How do you simplify #(sqrt(6)-2)/(11+sqrt(6))#?

1 Answer
Sep 23, 2015

Answer:

#(13sqrt(6)-28)/115#

Explanation:

#(sqrt(6) -2)/(11+sqrt(6))#
#=(sqrt(6) -2)/(11+sqrt(6)) * (11-sqrt(6))/(11-sqrt(6))#

this is a trick to get rid of the #sqrt(6)# of the #(11+sqrt(6))# in the denominator. We are basically constructing what is called the "conjugate" of the denominator, #(11-sqrt(6))#, which is exactly the same thing as the denominator but with the opposite sign in the middle. If the denominator is #(a+b)#, the conjugate is #(a-b)#. If the denominator is #(a-b)#, the conjugate is #(a+b)#.

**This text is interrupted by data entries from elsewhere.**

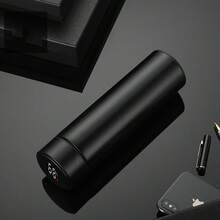 1pc 500ml/16.9oz Temperature Display Smart Vacuum Insulated Bottle With High-Grade Stainless Steel, Large Capacity, Easy-To-Carry, For Business, Commute, Office Use And Travel, Men And Women, Including A Carrying Pouch Water Bottle Back To School - Multicolor - View 17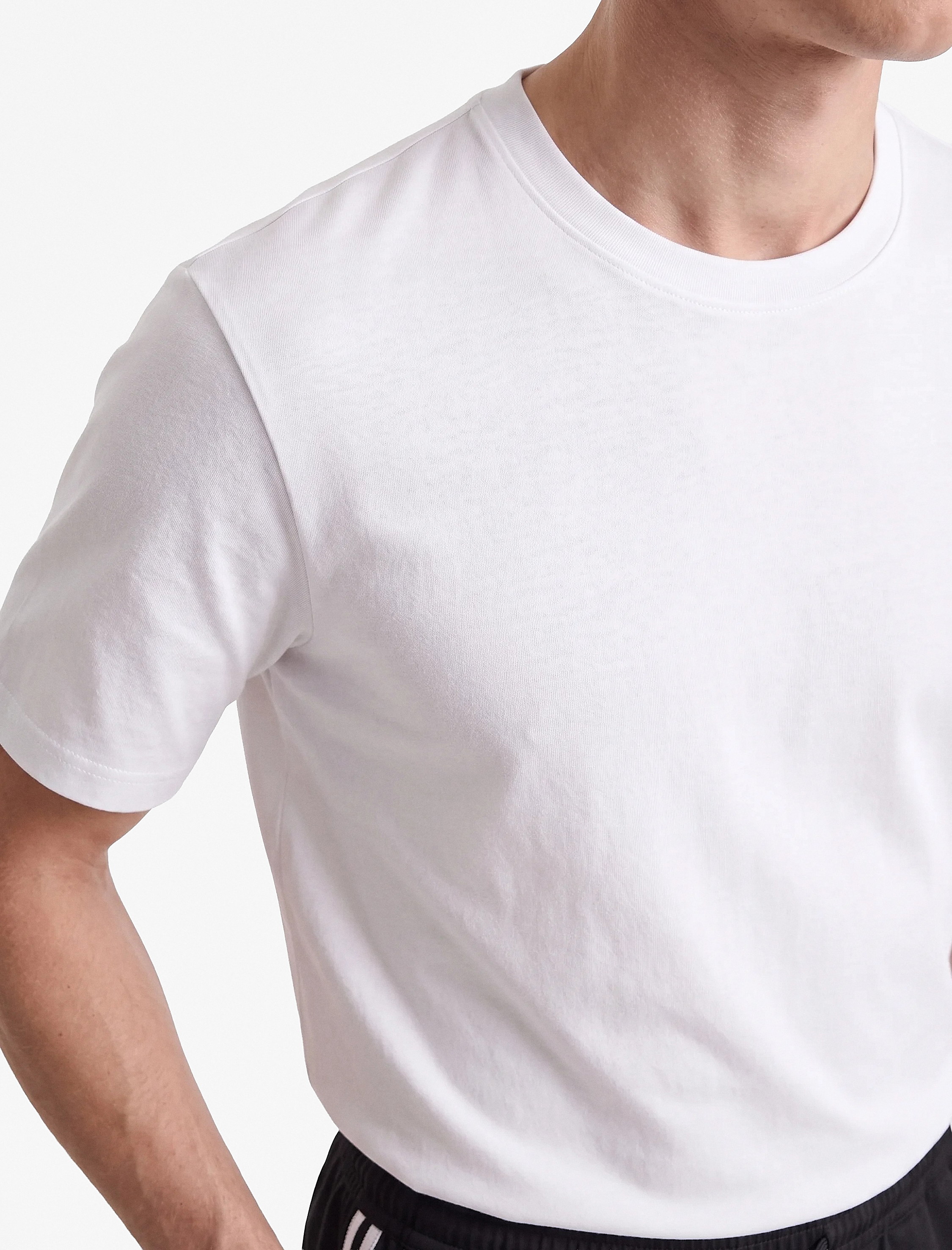   Pamuklu Regular Fit Kısa Kollu Bisiklet Yaka Basic Spor Tişört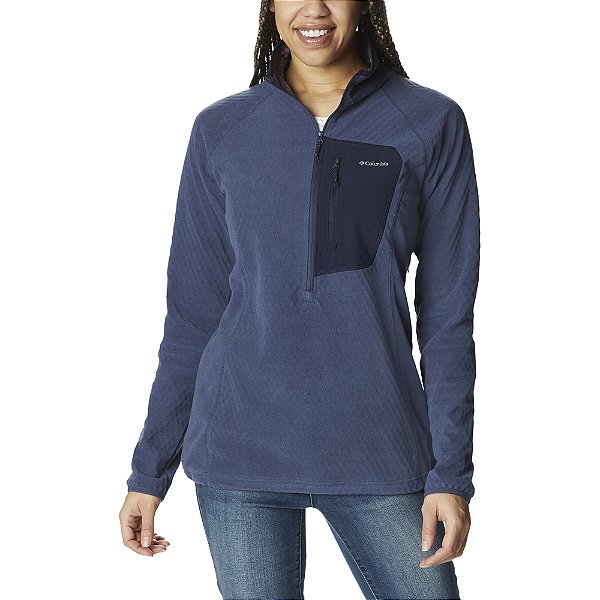 Moletom Columbia Outdoor Tracks Marinho Feminino
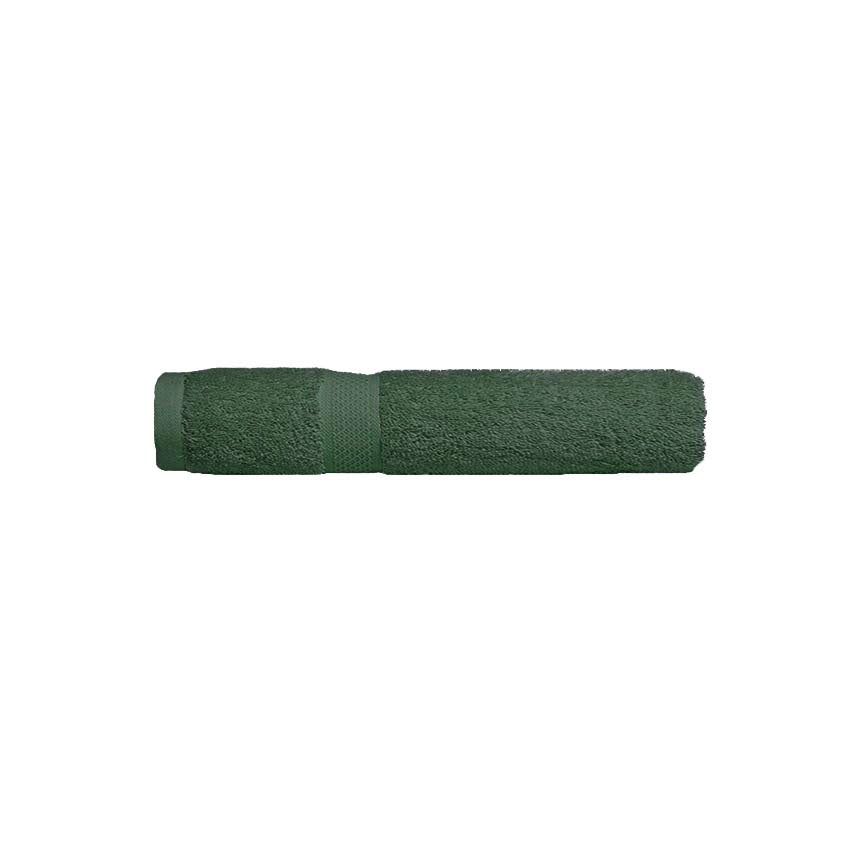 Premium 100% Combed Cotton Bath Towels - Soft & Absorbent Forest Green Face & Body Towel Set for Spa, Gym, Travel & Home Use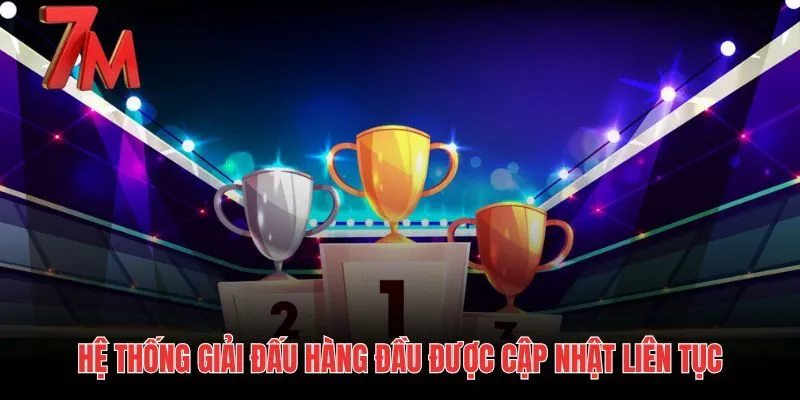 Dữ liệu giải đấu hàng đầu trên bảng xếp hạng trực tuyến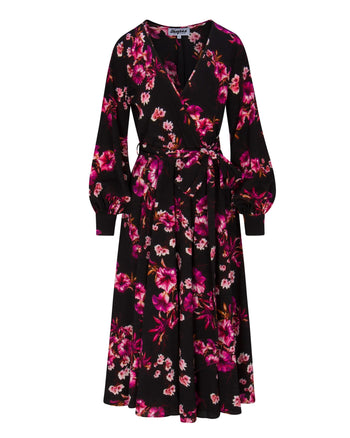 Lilly's Kloset Small Pink Wrap Dress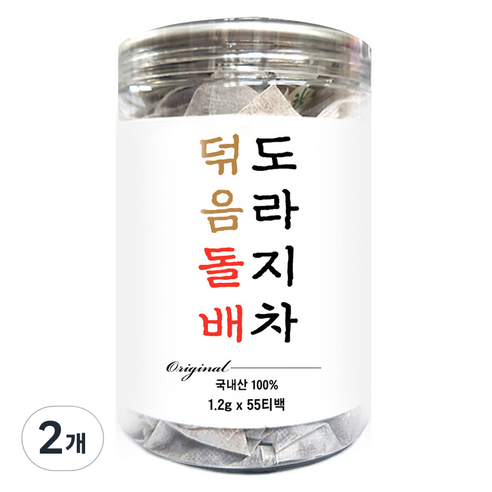 산해랑 덖음 돌배 도라지차, 2개, 55개입, 1.2g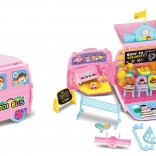 School bus with doll for children aged 3+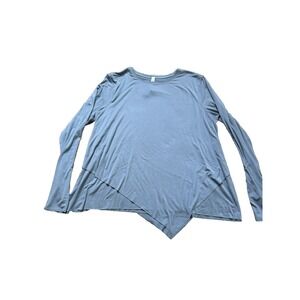 Lululemon Sweetest Day Long Sleeve Layered Blue  Shirt Womens 10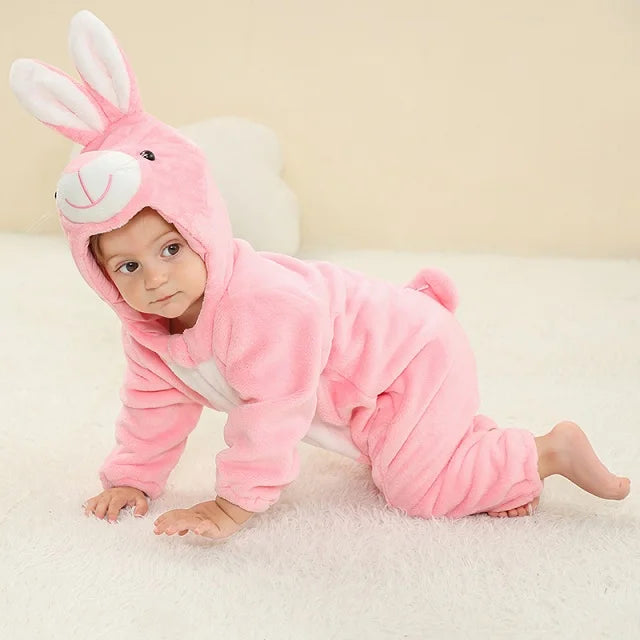 Toddler Winter Animal Rompers
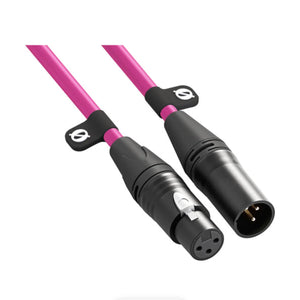 RODE XLR Male to Female Cable - 9.8' (Pink) at PROCAM | procam.com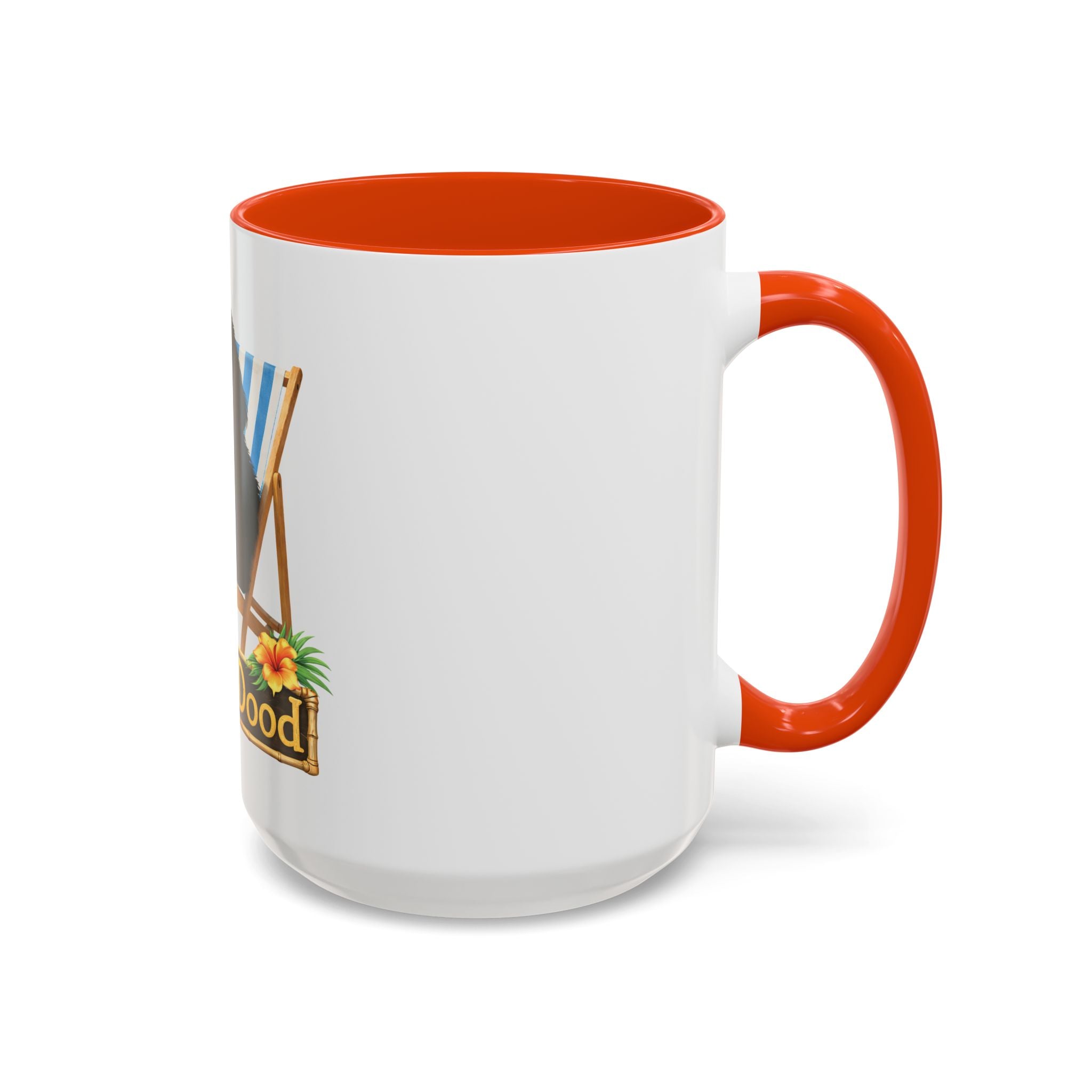 Beach Dood - Black Golden Doodle Beach Chair Mug - (15oz)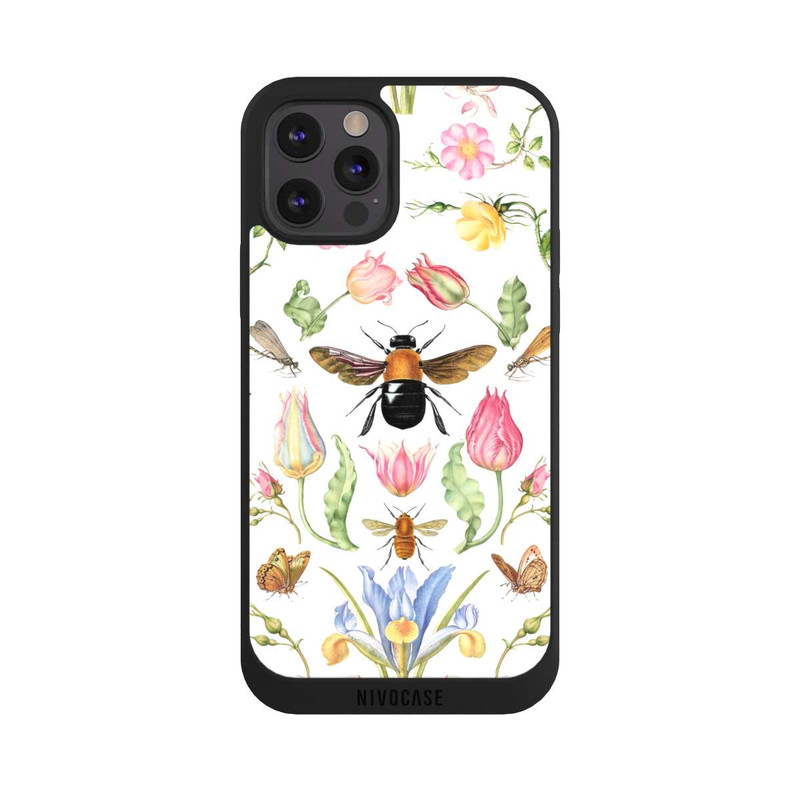 iPhone 12 Pro NIVOpure Wildblumen mit Biene weiß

Why do we want to multiply by the conjugate?
because:
#(a+b)*(a-b)=a^2-b^2#
so if a or b (or both) were square-roots, the results is squared and we are thereby getting rid of the square-root.

Note that we need to multiply the top (numerator) also by the same conjugate-of-the-denominator so that
#(11-sqrt(6))/(11-sqrt(6)) = 1# (as long as it's not #0/0# it is fine).
that is, we're only multiplying by 1 so we are not affecting the results at all.

Then it becomes easy:
#=((sqrt(6) - 2)(11-sqrt(6))) / (11^2-6)#
#=(11sqrt(6)-sqrt(6)sqrt(6)-22+2sqrt(6))/(121-6)#
#=(13sqrt(6)-28)/115#

At this stage, I don't see any more ways to simplify this further, so this must be the answer.